Time Bank, PTA, Family Leadership & Me. Part 1

The hook: Journalist Juan Pablo Tapia's twitter post: Time Bank in Chile begins:

“When we received the letter with the sample copy of the textbook Society for Fifth Grade from Santillana and we saw that in our hands was the proof that the Time Bank project for Chile had a future which we couldn't yet measure, we were truly moved as a team." (my translation)

This wonderful announcement reminded me of some experiences and connections that relate to my education advocacy and the dilemmas I face in building partnerships to further the action.

Keeping the faith & the focus I've been an activist in education for over 40 years. I didn’t start out as that: I was a naïve, peppy high school English teacher who was amazed at the acceptance and wonderful connections I was making with students and families.

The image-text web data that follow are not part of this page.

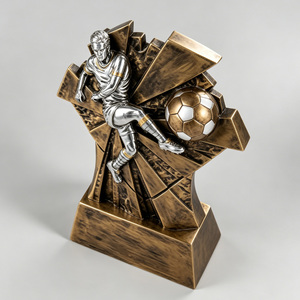 Trophée de football en résine personnalisé pour compétitions sportives – Artisanat d'entreprise populaire - Product Image 4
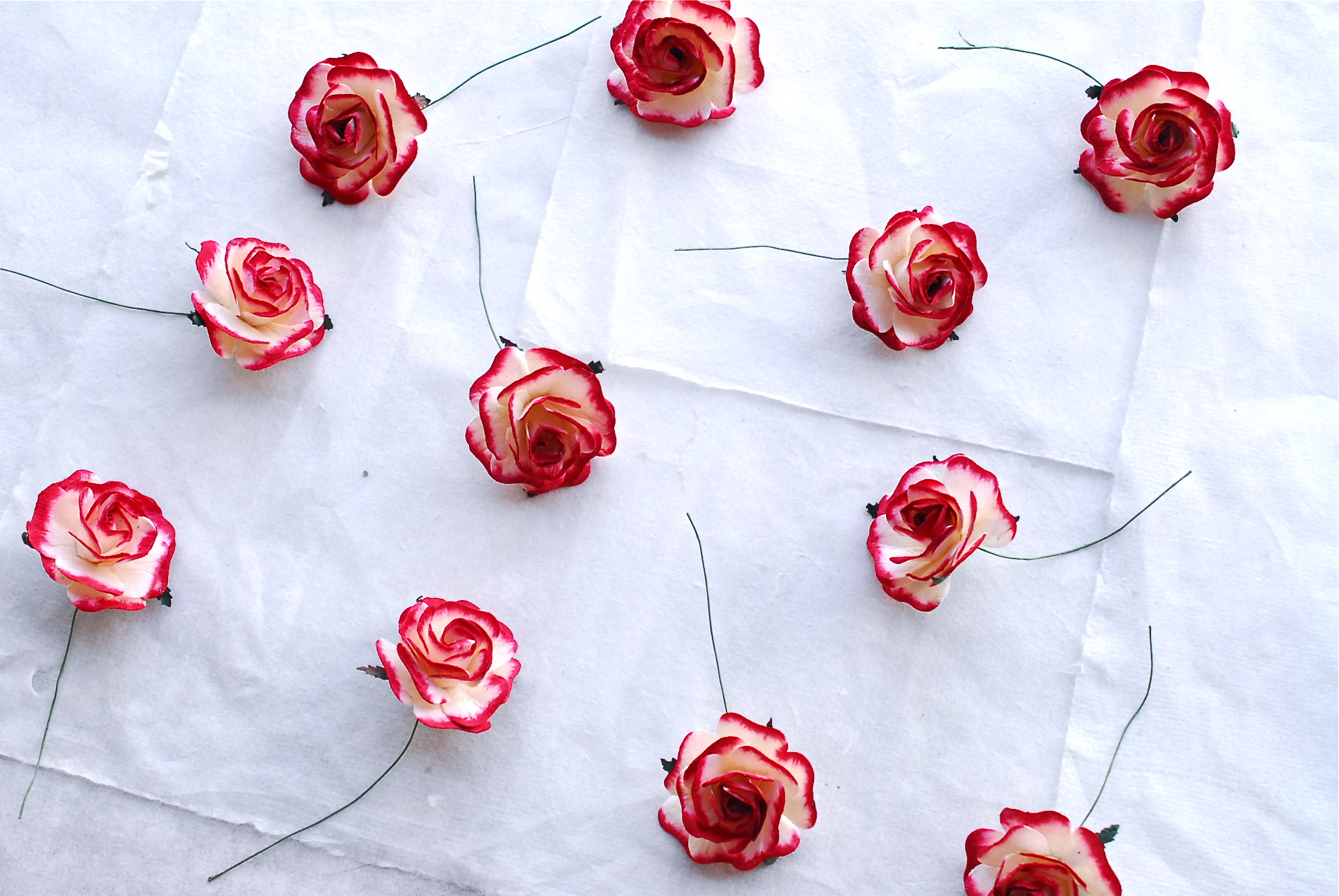 ดอกไม้กระดาษสา, สำหรับของชำร่วย, งานแต่งงาน, ดอกกุหลาบ PUL4-4 N ขนาด 4.5 cm. สีแดงปัด#507 สำเนา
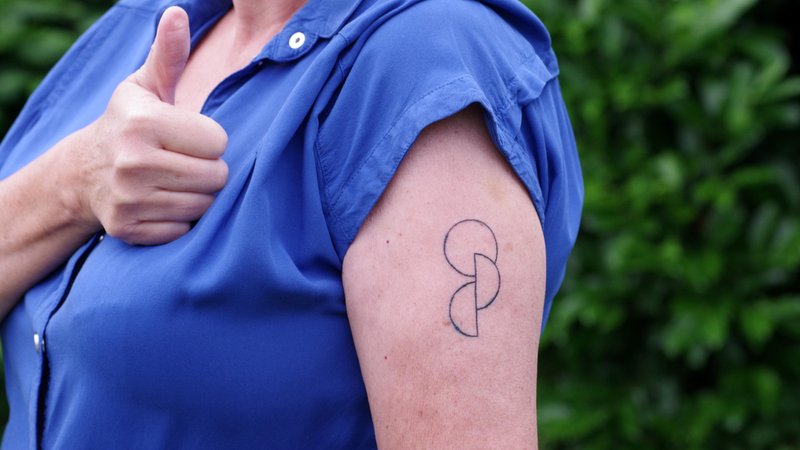 Das Symbol für Organspende: Hier auf einen Oberarm tätowiert. Wer es trägt, braucht aber trotzdem noch einen Organspendeausweis. | Bild: dpa/imageBroker/ Anja Uhlemeyer-Wrona Das Symbol für Organspende: Hier auf einen Oberarm tätowiert. Wer es trägt, braucht aber trotzdem noch einen Organspendeausweis.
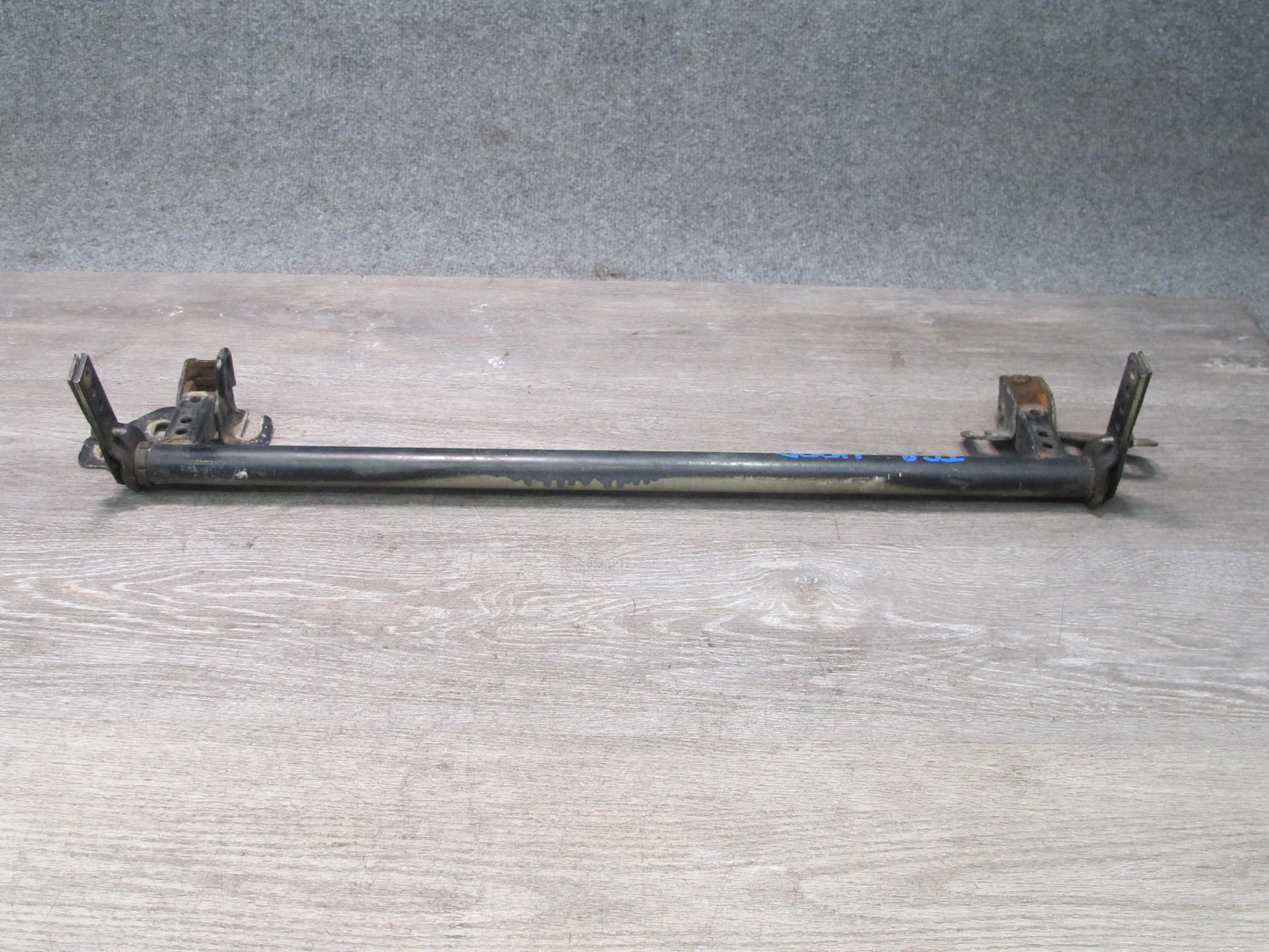 84-91 BMW E30 3-SERIES Hood Support Hinge Bracket Bar Joint OEM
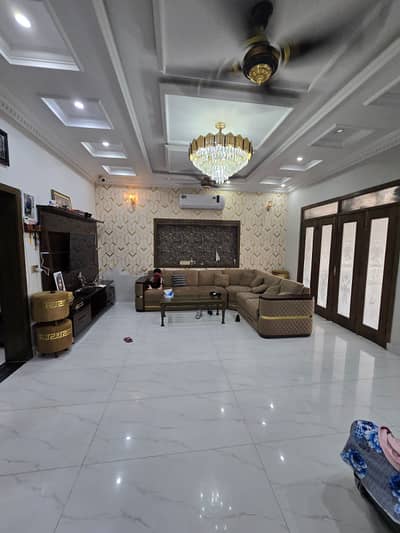 10 Marla House for Sale in Talha Block, Bahria Town Lahore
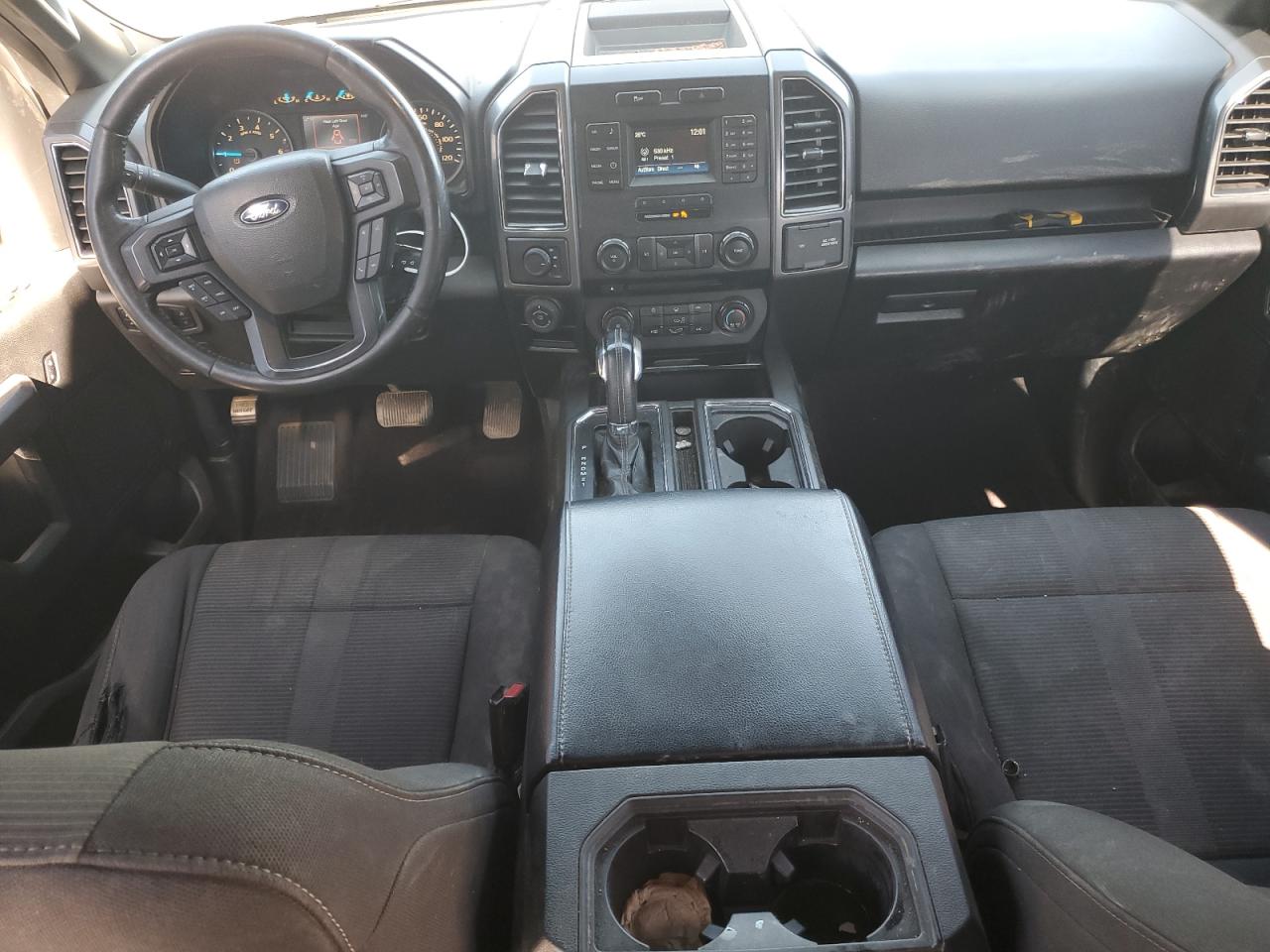 Ford F-150 Supercrew Image 9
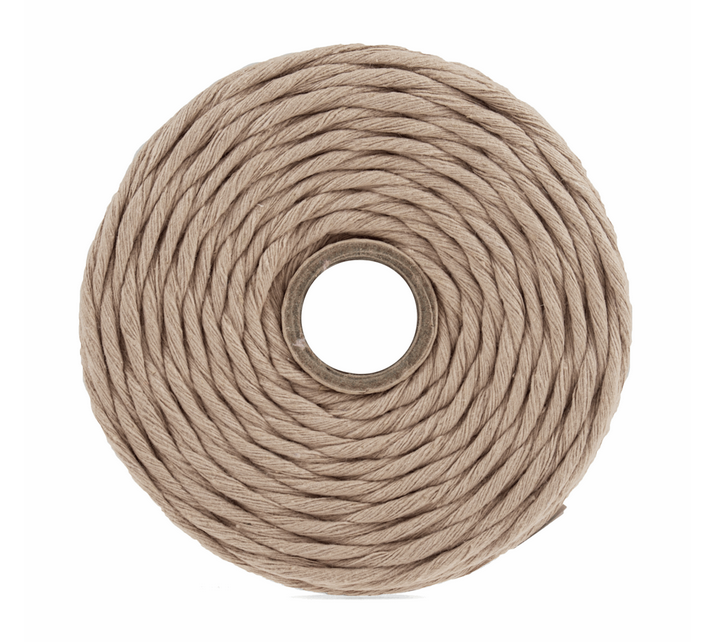 Macramé Cord: 87m x 4mm: Beige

Isolated and socially disconnected in college and previously even more alone in high school, I was basking in the Del Rio, Texas San Felipe community. Over my first four years as a public school teacher & faithful evening Catholic Church bible teacher I began to experience the inequities of schools for poor children and the intransigence of the church in addressing social needs. I acted on my righteous indignation but I was mostly angry at how blind and naive I had been.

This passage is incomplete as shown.